Why They Call It "Practicing" Medicine

When 35-year-old Michelle Stepney of London, England went to the hospital showing signs of having miscarried her twins, the doctors discovered cervical cancer. So far from having miscarried, the babies in their vigor had kicked loose a tumor in their mother's womb, thereby cluing doctors in to a condition they might not otherwise have discovered in a timely manner.

So naturally, the docs told Michelle she would need to abort her twins in order to survive. This she refused to do. "I knew I could have an operation straight away and it would cure me of the cancer," she said, "but that would mean getting rid of my babies and I couldn't do that. I had two lives inside me and I just couldn't give up on them -- especially after they had saved me like this."

And events bore her out. Instead of undergoing an abortion, Michelle opted for reduced chemotherapy to prevent the cancer from spreading, with constant monitoring of the twins' health. Alice and Harriet Stepney were delivered by C-section in December of 2006, underweight and hairless, but otherwise healthy; they are thriving today. And their mother, who underwent a hysterectomy a month later, has been cancer-free ever since.

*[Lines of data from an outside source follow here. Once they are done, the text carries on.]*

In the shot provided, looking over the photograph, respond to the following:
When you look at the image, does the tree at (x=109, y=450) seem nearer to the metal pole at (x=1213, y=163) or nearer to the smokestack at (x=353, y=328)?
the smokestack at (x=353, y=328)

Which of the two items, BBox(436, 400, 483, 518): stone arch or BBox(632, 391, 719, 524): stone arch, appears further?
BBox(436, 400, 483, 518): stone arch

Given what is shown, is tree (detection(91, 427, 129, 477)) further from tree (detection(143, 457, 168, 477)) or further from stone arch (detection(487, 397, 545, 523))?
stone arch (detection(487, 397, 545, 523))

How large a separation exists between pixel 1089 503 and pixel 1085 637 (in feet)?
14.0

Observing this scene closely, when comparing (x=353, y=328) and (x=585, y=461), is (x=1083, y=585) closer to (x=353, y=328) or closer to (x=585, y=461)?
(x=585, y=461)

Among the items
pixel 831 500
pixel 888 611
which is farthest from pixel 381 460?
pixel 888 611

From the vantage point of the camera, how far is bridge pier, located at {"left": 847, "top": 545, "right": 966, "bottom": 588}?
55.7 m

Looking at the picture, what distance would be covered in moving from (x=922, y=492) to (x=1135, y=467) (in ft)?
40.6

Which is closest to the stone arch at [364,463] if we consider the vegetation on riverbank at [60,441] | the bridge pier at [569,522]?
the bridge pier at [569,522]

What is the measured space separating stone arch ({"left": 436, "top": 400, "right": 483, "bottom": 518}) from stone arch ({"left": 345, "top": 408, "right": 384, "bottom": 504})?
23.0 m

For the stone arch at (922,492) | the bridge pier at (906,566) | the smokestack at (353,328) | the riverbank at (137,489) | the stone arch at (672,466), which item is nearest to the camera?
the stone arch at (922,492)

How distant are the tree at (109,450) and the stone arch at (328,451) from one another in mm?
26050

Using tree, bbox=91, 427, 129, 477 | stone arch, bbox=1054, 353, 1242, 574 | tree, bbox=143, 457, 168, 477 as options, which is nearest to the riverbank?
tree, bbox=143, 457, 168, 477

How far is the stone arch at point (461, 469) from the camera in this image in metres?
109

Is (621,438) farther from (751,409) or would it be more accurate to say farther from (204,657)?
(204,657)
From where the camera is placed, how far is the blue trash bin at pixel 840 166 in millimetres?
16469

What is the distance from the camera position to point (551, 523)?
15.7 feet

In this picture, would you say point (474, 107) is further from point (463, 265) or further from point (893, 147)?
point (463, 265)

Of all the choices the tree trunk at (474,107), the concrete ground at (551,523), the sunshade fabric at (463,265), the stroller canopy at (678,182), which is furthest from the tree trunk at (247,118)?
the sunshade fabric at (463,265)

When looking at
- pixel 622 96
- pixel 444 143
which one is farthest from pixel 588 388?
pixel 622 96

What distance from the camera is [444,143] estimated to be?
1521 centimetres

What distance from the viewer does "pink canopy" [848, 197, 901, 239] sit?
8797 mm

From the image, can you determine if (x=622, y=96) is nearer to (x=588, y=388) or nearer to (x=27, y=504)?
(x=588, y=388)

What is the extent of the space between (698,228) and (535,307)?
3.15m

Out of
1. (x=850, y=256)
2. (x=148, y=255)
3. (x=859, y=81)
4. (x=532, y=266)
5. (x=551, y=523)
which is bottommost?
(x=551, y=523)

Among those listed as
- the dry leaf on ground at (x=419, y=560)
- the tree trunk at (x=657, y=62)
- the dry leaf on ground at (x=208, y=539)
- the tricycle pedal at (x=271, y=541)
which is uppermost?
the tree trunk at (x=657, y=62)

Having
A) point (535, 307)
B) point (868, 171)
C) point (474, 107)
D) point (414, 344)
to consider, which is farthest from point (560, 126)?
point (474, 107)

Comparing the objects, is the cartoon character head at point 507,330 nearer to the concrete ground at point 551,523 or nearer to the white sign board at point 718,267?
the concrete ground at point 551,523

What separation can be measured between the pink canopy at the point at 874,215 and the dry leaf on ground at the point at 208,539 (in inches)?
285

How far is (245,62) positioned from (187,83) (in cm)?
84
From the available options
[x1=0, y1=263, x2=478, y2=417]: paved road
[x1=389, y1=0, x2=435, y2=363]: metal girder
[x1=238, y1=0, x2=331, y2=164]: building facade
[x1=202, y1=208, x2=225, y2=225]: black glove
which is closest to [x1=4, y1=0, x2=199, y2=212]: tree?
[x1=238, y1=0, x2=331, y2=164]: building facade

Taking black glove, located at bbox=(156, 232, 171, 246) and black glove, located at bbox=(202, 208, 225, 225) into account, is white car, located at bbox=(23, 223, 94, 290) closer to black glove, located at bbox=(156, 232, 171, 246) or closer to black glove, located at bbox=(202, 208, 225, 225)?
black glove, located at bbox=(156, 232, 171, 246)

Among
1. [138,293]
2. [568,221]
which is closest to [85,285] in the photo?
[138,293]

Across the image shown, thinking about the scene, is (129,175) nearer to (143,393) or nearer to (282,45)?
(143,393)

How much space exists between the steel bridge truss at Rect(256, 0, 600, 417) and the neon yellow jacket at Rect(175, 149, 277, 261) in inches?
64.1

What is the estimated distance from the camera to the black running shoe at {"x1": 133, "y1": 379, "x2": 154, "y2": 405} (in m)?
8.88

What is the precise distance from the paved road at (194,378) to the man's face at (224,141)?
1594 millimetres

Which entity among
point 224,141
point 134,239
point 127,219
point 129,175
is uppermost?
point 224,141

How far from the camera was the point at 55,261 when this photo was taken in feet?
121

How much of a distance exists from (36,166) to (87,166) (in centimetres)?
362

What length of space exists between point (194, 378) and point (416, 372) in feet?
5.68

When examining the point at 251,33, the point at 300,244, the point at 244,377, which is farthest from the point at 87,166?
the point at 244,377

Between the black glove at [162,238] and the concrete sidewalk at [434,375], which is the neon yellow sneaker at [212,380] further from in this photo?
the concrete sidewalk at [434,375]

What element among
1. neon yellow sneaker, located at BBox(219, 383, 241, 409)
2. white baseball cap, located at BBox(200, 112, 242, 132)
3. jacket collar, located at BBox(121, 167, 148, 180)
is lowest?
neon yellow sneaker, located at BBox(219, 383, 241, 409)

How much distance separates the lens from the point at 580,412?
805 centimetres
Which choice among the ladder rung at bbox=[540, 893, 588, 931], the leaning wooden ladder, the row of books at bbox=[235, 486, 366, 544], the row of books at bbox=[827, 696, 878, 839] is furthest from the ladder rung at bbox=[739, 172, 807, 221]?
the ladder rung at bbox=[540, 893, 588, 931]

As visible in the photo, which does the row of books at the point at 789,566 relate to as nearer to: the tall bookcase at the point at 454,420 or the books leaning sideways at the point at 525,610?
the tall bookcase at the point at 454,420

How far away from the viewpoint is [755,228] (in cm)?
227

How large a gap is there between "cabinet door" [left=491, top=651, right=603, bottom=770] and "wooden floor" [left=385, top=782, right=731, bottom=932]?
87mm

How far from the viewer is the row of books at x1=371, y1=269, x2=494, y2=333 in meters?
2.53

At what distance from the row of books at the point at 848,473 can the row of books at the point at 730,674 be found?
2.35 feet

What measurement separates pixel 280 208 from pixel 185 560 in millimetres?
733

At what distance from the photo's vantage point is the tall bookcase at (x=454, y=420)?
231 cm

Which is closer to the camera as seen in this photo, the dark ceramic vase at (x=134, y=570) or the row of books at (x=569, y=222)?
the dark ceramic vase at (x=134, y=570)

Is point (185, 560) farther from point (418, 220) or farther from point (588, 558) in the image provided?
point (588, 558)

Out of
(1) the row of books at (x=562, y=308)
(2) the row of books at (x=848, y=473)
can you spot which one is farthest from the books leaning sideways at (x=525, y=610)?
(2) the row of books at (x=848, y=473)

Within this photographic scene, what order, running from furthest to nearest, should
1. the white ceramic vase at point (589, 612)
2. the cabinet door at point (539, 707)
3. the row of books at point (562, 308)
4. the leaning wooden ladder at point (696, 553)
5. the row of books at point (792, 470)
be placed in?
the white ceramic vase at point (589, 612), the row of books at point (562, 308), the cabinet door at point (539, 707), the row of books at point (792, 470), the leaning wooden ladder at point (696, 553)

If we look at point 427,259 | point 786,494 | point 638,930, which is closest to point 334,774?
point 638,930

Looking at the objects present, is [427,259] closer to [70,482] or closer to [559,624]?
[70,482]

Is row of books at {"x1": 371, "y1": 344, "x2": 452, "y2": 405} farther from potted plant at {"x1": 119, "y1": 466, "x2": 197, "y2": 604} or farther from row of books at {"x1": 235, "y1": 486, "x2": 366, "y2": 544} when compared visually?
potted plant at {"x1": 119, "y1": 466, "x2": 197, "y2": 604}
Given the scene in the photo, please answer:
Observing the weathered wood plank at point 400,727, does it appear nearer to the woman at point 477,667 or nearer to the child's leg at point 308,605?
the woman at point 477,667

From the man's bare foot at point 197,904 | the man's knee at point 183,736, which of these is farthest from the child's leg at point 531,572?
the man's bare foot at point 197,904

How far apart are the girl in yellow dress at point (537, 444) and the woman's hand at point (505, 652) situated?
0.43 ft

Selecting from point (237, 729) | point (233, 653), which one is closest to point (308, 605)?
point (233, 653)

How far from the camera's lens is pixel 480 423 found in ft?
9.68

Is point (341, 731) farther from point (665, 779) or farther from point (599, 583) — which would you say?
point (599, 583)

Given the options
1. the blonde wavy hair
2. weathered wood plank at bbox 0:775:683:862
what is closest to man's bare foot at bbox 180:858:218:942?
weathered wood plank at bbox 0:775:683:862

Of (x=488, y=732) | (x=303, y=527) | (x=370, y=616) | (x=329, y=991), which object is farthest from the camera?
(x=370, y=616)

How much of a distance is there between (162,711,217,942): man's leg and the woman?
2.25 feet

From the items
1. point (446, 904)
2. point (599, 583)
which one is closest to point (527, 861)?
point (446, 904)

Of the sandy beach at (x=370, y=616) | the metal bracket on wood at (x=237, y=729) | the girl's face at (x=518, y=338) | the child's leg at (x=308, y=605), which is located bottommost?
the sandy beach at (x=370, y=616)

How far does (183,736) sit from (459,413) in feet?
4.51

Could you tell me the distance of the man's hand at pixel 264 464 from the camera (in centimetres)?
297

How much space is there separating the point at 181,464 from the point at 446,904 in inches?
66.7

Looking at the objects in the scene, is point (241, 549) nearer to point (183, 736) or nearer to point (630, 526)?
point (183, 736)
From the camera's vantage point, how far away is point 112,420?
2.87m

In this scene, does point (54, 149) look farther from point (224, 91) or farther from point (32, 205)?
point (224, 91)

Thus is proven wrong yet another authoritative pronouncement by doctors on the side of death -- and they do frequently seem to err on the side of death in our post-Hippocratic-Oath world. This is an age of astounding advances in medicine; yet doctors are still fallible human beings with faulty moral compasses, just like the rest of us. And so there is no need to accord unconditional obedience to doctors, whether they are telling you you must die in six months, you must have embryonic stem cell research to live -- or you must abort your child. There's a reason they call it "practicing" medicine: they haven't got it right yet.